Fils et frère de compositeur, le Polonais Pawel Łukaszewski, né à Czestochowa (°1968), est aussi chef d’orchestre, directeur artistique de festivals et enseignant. Il est diplômé de l’Académie de musique Chopin de Varsovie, il y a étudié le violoncelle et la composition. Considéré comme un successeur de Henryk Górecki ou de John Tavener, son répertoire s’appuie essentiellement sur des thèmes religieux, dans une tradition néoclassique. Le label Dux a inscrit plusieurs albums de Łukaszewski à son catalogue, comme son Beatus Vir, son Veni Creator, son Stabat mater, des noëls et des motets, ou sa Symphonie n° 2, mais aussi une série de petites pièces profanes.

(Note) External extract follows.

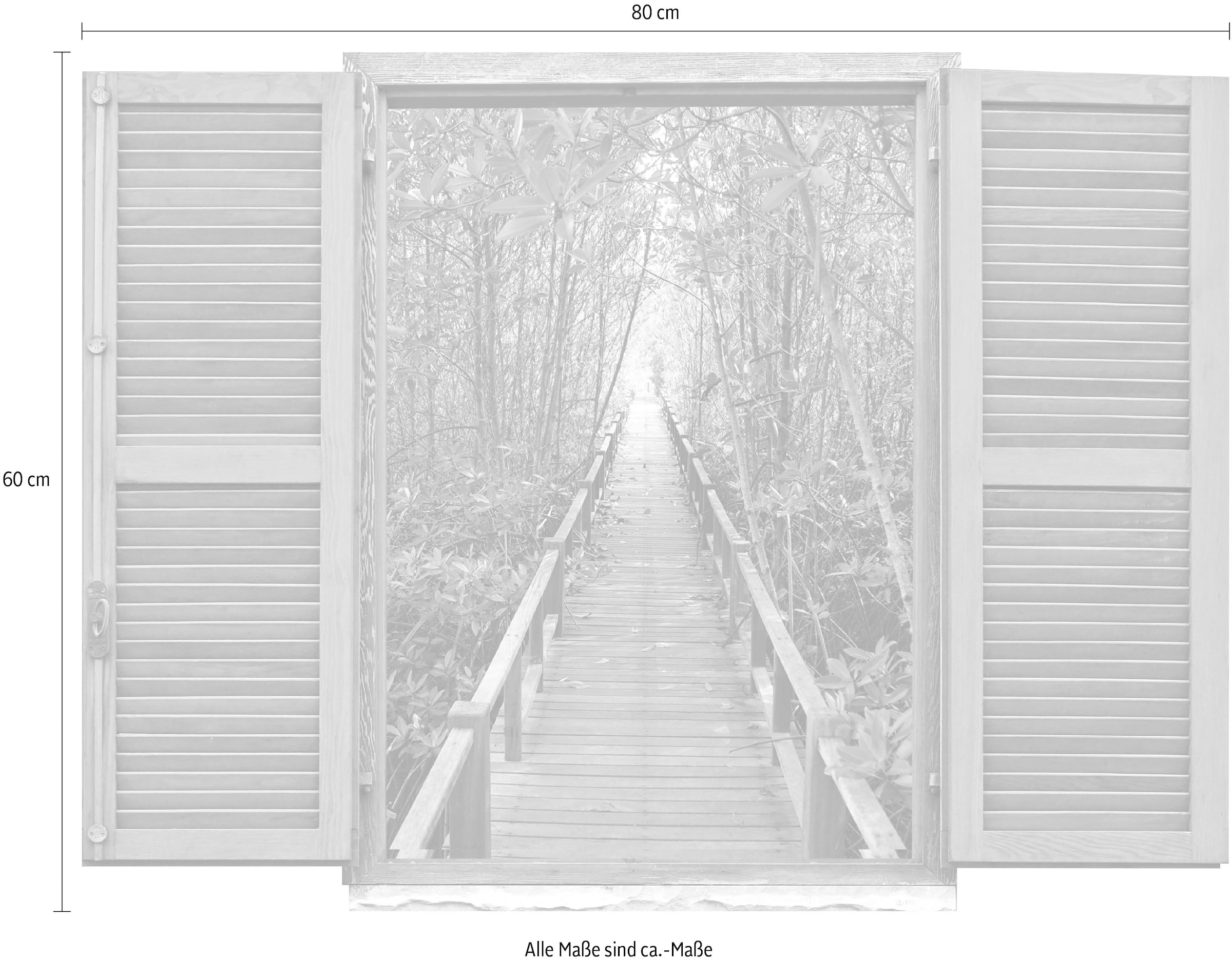 queence Wandtattoo »Brücke im Wald«, (1 St.), Wandsticker, Wandbild, selbstklebend, 3D, Fenster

Créée à Riga en 2012, la Symphonie n° 3, en deux mouvements d’une durée globale d’un peu plus de vingt-cinq minutes, utilise des textes inscrits dans la tradition de l’Eglise catholique romaine ou découlant d’écrits apocryphes, comme l’explique la notice de Renata Borowiecka dont nous nous inspirons. Les anges, leur hiérarchie et leurs fonctions sont décrits sur la base du Livre éthiopien d’Enoch (arrière-grand-père de Noé) et selon les dogmes établis par le quatrième concile du Latran, qui s’est tenu en 1215 à l’initiative du pape Innocent III. La première partie, Visio Enochi, évoque le voyage accompli par le patriarche vers le Paradis, sous la guidance de l’Archange Michel, jusqu’à la vision de l’Eternel. Mystérieuse et intime, la musique se déploie dans une atmosphère hypnotique, voire majestueusement extatique, avec un chœur qui évolue dans un flux mélodique, des timbres relevés par des effets de percussion comme des boules de métal, la harpe ou le célesta, et une volonté contemplative globale. Le second mouvement, Existunt Angeli, accueille la soprano sous la forme d’une prière aux anges, intermédiaires idéaux pour accéder à Dieu. La narration musicale est à la fois paisible et véhémente, enveloppée d’une concentration qui est destinée à découvrir une autre réalité, extrahumaine, qui trouve son apogée dans un Alleluia, avant de retrouver le silence. C’est éthéré et plastiquement beau, avec des chœurs pleins de lumière ; cette Vision aux accents fervents séduira sans doute les amateurs de mysticisme musical. L’interprétation est de qualité, les chœurs et la soprano, Anna Mikolajczyk-Niewiedzial, voix émouvante, sont imprégnés de la part ésotérique qui se dégage de cette partition au caractère spirituel affirmé.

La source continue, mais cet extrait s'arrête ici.